Task: Transcribe, word for word and without additions, each line below from the one containing "KNDMB5C16F6060948 KIA All Models 2015" through the one containing "Summoner M - Streak", both ends included.

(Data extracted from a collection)

-------------------------

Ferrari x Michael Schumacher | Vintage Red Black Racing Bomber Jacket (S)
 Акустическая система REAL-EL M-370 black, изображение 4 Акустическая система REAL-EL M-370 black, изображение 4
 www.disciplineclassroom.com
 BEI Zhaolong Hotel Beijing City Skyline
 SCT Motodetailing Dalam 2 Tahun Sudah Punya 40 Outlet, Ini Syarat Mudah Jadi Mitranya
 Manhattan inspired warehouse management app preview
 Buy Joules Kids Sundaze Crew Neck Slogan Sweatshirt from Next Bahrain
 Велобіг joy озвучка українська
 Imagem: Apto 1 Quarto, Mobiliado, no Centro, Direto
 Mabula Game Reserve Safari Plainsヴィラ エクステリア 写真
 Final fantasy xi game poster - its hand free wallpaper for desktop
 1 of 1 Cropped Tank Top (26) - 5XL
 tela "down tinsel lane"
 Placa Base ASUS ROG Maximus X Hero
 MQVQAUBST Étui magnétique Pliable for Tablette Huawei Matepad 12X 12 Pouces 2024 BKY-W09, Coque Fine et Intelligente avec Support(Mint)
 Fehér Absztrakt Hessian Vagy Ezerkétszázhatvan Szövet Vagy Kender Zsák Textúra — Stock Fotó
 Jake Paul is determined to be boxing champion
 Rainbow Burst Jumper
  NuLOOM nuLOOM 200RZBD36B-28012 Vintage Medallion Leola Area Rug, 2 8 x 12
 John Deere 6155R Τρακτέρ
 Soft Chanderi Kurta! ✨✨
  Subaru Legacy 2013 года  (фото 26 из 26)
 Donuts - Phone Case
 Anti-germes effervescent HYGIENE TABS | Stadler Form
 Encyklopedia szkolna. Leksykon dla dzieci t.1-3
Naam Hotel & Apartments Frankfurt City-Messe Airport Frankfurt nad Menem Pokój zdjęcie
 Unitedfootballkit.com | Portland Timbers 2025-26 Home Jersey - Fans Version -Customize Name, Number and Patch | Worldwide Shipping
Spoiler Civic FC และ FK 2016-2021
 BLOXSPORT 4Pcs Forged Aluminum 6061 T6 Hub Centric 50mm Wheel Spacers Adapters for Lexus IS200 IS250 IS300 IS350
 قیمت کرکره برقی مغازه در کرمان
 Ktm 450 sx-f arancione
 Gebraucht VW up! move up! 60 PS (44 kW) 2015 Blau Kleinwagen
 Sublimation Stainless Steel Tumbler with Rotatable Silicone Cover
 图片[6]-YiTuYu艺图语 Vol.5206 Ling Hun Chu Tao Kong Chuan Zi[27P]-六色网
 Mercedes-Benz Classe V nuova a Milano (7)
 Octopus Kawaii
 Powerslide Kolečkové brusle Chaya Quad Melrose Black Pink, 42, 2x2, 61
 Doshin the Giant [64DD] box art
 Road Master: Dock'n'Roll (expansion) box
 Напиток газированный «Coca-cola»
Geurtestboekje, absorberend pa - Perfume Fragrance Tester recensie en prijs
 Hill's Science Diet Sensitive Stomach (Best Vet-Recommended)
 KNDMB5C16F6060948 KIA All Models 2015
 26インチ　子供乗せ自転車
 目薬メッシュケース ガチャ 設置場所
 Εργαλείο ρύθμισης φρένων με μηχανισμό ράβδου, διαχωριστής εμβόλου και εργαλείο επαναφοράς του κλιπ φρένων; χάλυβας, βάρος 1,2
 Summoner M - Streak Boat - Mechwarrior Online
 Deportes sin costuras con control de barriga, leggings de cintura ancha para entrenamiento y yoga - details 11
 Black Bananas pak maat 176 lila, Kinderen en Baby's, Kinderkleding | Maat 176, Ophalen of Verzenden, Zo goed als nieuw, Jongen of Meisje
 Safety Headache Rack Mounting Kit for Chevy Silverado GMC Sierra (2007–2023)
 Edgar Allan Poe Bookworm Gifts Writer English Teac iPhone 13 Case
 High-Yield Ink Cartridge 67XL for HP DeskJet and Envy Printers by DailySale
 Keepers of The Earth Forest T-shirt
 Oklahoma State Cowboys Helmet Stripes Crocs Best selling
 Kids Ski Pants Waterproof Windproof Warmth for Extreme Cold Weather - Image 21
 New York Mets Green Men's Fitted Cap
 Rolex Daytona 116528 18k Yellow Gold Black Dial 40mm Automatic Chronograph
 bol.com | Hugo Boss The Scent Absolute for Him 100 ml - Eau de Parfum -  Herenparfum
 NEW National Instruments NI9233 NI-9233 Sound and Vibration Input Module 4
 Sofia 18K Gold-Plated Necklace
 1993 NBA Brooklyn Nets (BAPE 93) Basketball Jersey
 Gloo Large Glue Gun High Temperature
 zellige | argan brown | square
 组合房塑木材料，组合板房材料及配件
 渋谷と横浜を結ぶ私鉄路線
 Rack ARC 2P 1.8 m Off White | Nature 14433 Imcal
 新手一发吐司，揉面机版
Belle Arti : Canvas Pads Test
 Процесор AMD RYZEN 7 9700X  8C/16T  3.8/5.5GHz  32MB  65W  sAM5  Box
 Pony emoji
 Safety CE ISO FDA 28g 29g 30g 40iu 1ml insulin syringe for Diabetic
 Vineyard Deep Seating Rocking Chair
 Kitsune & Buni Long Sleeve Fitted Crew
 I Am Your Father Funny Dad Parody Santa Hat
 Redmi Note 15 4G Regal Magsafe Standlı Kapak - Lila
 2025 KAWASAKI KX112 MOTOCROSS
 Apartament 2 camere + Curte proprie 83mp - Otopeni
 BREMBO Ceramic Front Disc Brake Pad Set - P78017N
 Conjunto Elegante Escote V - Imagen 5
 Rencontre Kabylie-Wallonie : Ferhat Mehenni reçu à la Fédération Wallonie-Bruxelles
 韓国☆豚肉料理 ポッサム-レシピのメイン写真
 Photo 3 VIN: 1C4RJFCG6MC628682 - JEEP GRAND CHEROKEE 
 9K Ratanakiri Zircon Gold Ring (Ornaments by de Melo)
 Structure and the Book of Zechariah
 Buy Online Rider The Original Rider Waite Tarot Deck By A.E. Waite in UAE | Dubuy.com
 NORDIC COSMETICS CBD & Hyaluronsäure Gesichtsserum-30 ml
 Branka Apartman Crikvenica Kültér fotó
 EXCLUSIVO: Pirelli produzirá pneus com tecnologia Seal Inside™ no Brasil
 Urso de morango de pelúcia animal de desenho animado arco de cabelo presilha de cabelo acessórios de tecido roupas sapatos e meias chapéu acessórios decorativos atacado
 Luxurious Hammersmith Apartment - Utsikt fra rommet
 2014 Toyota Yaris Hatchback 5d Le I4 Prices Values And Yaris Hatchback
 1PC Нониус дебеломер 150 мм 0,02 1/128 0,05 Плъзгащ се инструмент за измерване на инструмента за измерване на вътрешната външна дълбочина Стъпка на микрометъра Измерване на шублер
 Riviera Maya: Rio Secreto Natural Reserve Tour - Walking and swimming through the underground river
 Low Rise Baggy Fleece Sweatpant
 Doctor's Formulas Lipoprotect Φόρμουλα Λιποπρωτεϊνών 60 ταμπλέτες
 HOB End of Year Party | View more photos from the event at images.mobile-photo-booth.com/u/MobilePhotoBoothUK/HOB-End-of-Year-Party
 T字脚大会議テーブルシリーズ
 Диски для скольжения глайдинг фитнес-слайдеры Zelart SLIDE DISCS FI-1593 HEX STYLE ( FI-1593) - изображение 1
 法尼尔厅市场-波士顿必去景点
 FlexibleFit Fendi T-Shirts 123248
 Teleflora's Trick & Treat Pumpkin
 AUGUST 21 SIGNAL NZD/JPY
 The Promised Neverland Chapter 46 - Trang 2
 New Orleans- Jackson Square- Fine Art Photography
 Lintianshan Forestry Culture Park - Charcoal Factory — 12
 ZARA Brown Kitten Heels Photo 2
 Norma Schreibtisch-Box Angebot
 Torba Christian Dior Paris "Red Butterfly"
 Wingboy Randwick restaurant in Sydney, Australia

-------------------------

Result for this task:
 KNDMB5C16F6060948 KIA All Models 2015
 26インチ　子供乗せ自転車
 目薬メッシュケース ガチャ 設置場所
 Εργαλείο ρύθμισης φρένων με μηχανισμό ράβδου, διαχωριστής εμβόλου και εργαλείο επαναφοράς του κλιπ φρένων; χάλυβας, βάρος 1,2
 Summoner M - Streak Boat - Mechwarrior Online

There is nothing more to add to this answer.